そもそも、業務委託とは
業務委託とは、企業や個人が特定の業務を第三者(業務委託先)に委託し、その業務の遂行を依頼する契約形態のことを指します。業務委託契約では、委託元(依頼する側)と委託先(依頼を受ける側)の間で、どのような業務を行うか、報酬の金額や支払い方法、業務の遂行期間、守秘義務などの詳細を取り決めます。
業務委託には以下のような特徴があります
1,雇用関係がない:業務委託契約は雇用契約ではないため、委託先は従業員として扱われません。そのため、労働基準法や社会保険の適用外となります。
2,成果物ベース:業務委託は、一般的に成果物や業務の完了を基準に報酬が支払われることが多いです。
3,独立性:委託先は業務の遂行方法について自主的に決定し、委託元からの具体的な指示や監督は受けません。
4,契約の自由度:契約内容は双方の合意に基づき自由に設定できますが、契約書を作成しておくことが一般的です。
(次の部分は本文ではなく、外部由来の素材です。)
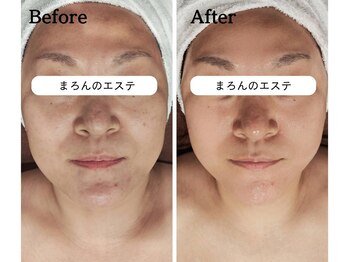まろんのエステ/40代 小顔コルギ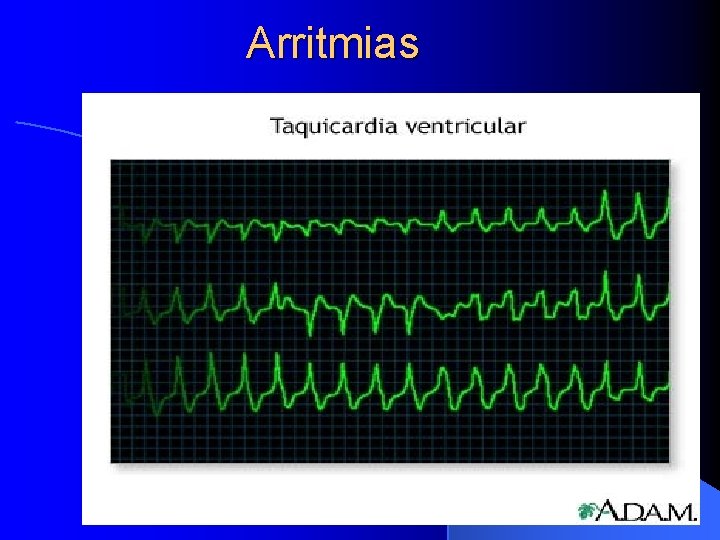 Arritmias 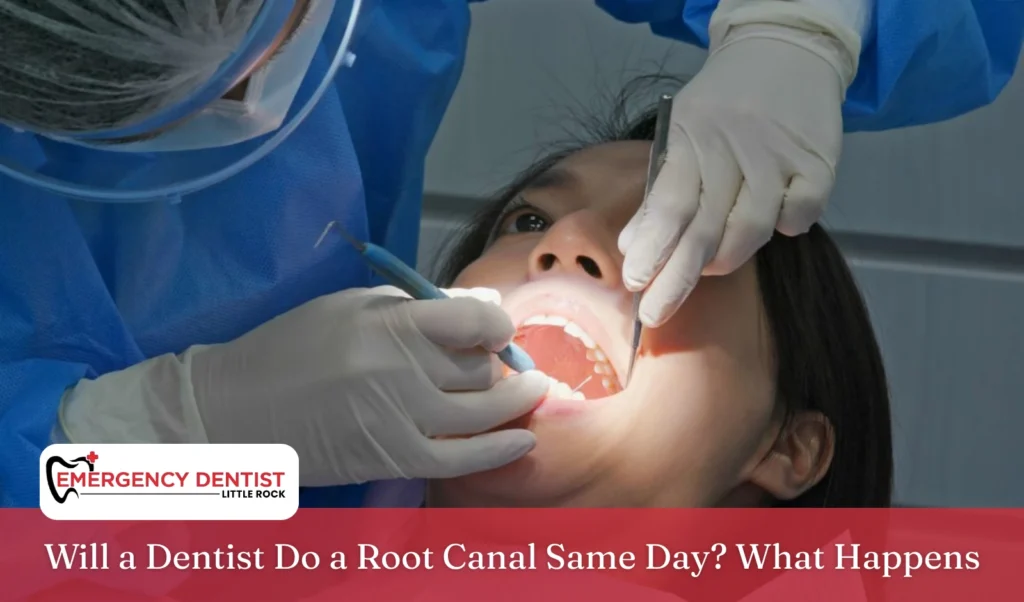 will-a-dentist-do-a-root-canal-same-day
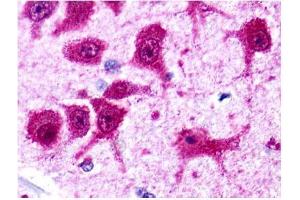 Brain, Neurons and glia (Metabotropic Glutamate Receptor 4 antibody  (C-Term))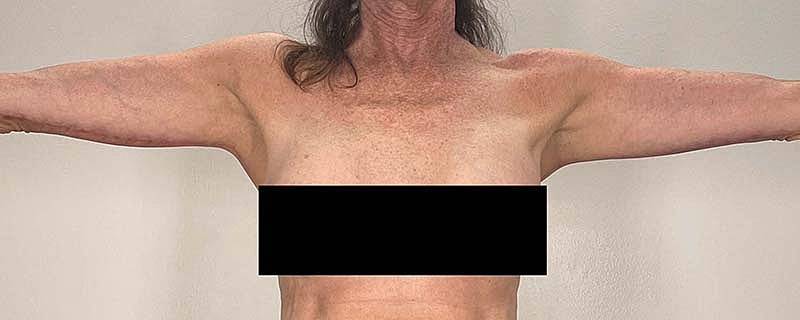 Arm Lift Before & After
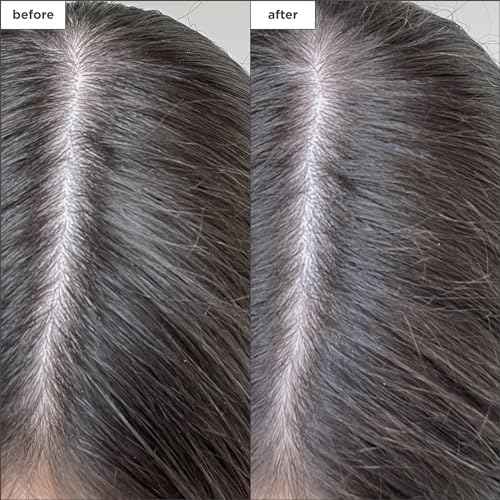Briogeo Scalp Revival Charcoal + Biotin Dry Shampoo, Clarifying Shampoo Scalp Cleanser for Dry Scalp & Itchy Scalp, Featuring Tea Tree Oil for Hair, Vegan, Cruelty-Free, 1.7 oz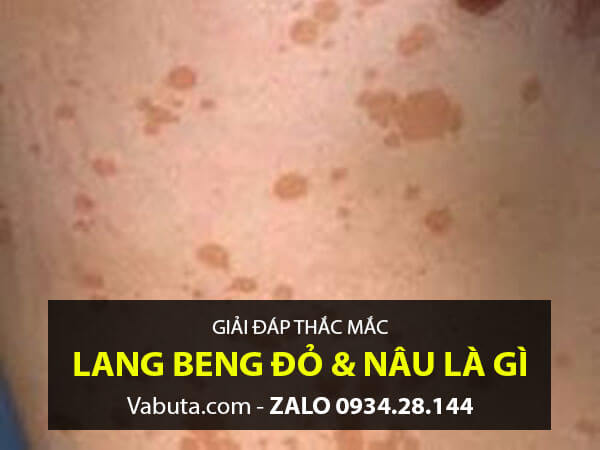 bệnh lang beng đỏ nguy hiểm không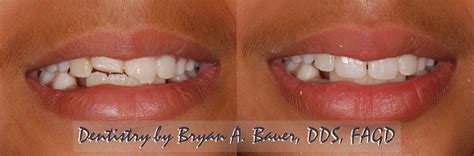 broken front teeth fixed  dr bauer bauer smiles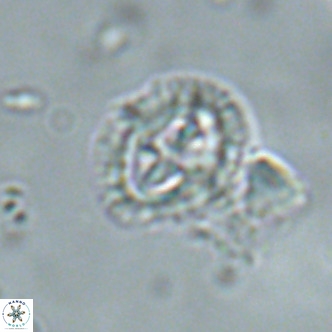 Cruciplacolithus primus large VR 02065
例として、IT業界におけるシステム開発やウェブデザイン、マーケティング業務の外注などが業務委託の形態で行われることが多いです。
行政申請業務の業務委託の場合は?
しかし、実は「業務委託」という名称の契約は法律上存在せず、実際には民法上の「請負契約」または「委任/準委任契約」が該当します。どちらの契約形態かによって契約の性質が異なります。今回の話題の行政申請業務を行う方の業務委託は、「準委任委託」と呼ばれる契約を、業務委託としてお話をいたします。
では、準委任契約とは?
準委任契約とは、民法上の契約形態の一つで、特定の業務の遂行を依頼するものです。準委任契約は、一般的に次のような特徴を持ちます。
【業務の遂行に対する責任】
準委任契約では、業務の遂行そのものに対して報酬が支払われます。つまり、成果物の完成を保証するものではなく、委託された業務を誠実に遂行することが求められます。
【契約の内容】
契約の内容は業務の具体的な遂行方法や範囲などを詳細に取り決めます。委託元と委託先の間で、どのような業務をどのように行うかを明確にします。
【指示の自由度】
委託先は、業務遂行において一定の自由度を持ちながらも、委託元の指示や要望に応じる義務があります。これは、請負契約と異なり、業務の過程において委託元の関与があることを意味します。
【契約の終了】
契約の終了は、当初の契約期間の満了や、両者の合意によって行われます。また、委託元が必要と判断した場合や、委託先が業務遂行を続けることが困難になった場合など、特定の条件下で契約を解除することができます。
準委任契約の具体例
コンサルティング業務:コンサルタントが企業に対して経営戦略のアドバイスを行う場合などが該当します。この場合、アドバイス自体が業務の遂行となり、具体的な成果物の完成を保証するものではありません。
弁護士や税理士の業務:法律相談や税務相談なども準委任契約に基づいて行われることが多いです。これらの専門家は、相談内容に基づいてアドバイスや対応を行うことが業務となります。
準委任契約は、請負契約とは異なり、特定の成果物の完成を保証するものではありませんが、委託された業務を誠実に遂行することが求められる点で重要です。
行政申請のサポート業務は、弁護士や税理士のような専門職ではありませんが、知識をつけることで専門性は高くなっていき、業務委託(準委任契約)で業務を行っていくことができます。